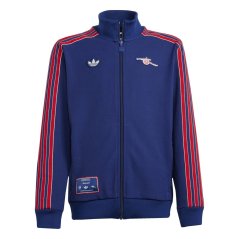 adidas Arsenal 2024 2025 Icon Retro Jacket Juniors Night Sky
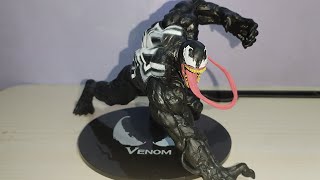 Venom Action Figure Review [upl. by Snave]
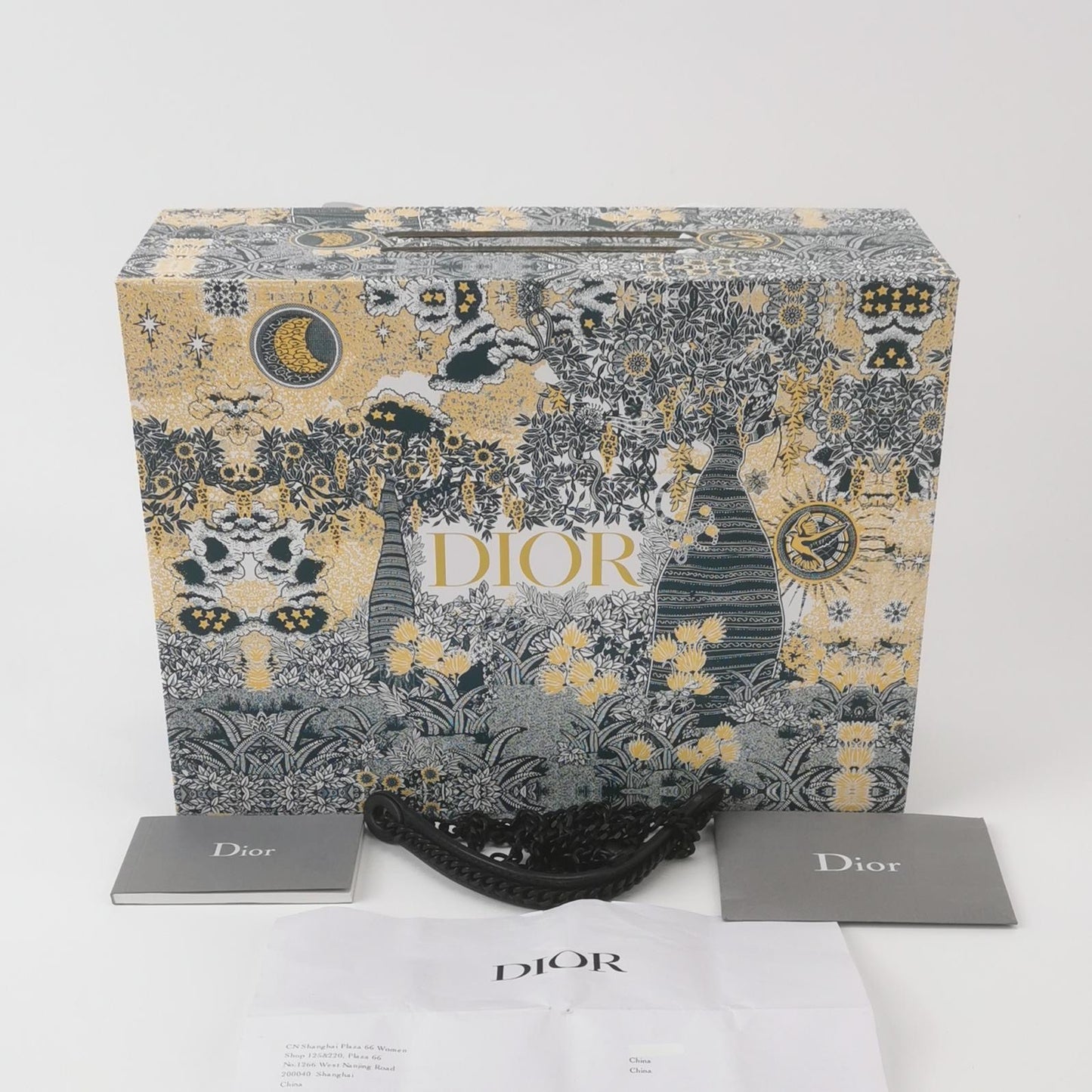 Dior - Lady Dior - Leather - Black - (mini)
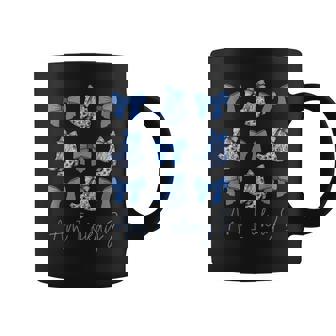 Am I Okay Boots Cowgirl Coquette Bow Girls Coffee Mug - Thegiftio UK
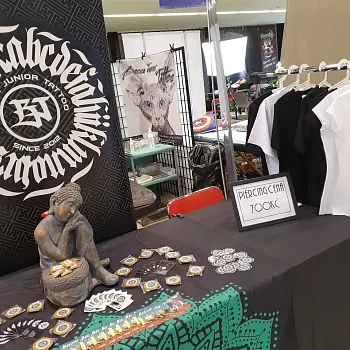 Konvence Tattoo Expo Haná Olomouc 2020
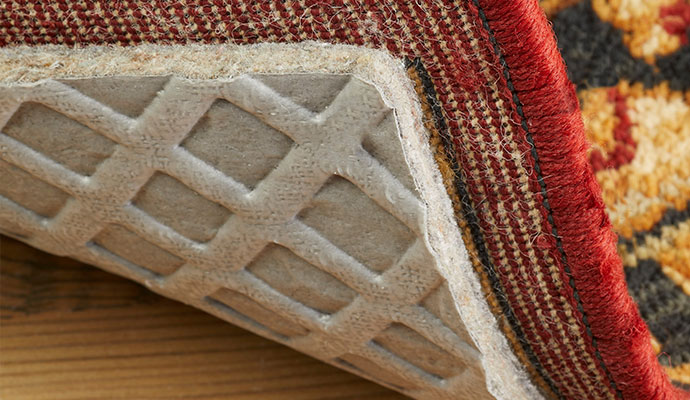 Featured rug pads for floor protection and comfort
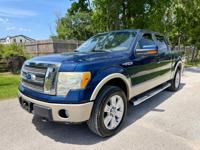 ** 2010 Ford F-150 Super Crew Lariat 4WD * Leather, Backup Camera ** ** Oasis Park & Sell, Spring **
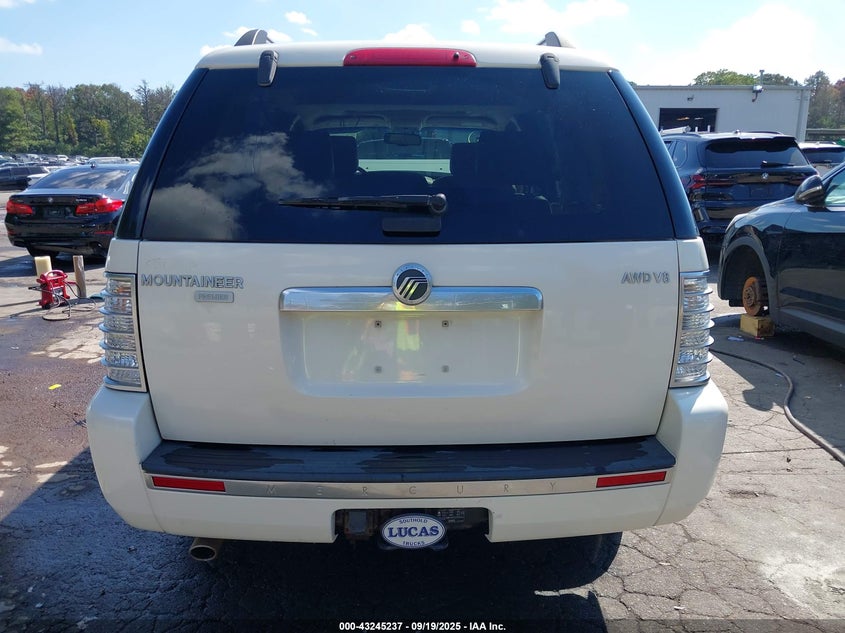 2008 Mercury Mountaineer Premier VIN: 4M2EU48858UJ15655 Lot: 43245237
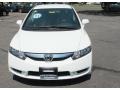 Taffeta White - Civic LX Sedan Photo No. 2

+ + + +

What the task asks:
Nothing but an exact copy is needed, covering the lines from the line with "Konvence Tattoo Expo Haná Olomouc 2020" through the last line of the entries, pictures excluded.

Solution:
 Konvence Tattoo Expo Haná Olomouc 2020
 Featured rug pads for floor protection and comfort
 ** 2010 Ford F-150 Super Crew Lariat 4WD * Leather, Backup Camera ** ** Oasis Park & Sell, Spring **
 2008 Mercury Mountaineer Premier VIN: 4M2EU48858UJ15655 Lot: 43245237
 Taffeta White - Civic LX Sedan Photo No. 2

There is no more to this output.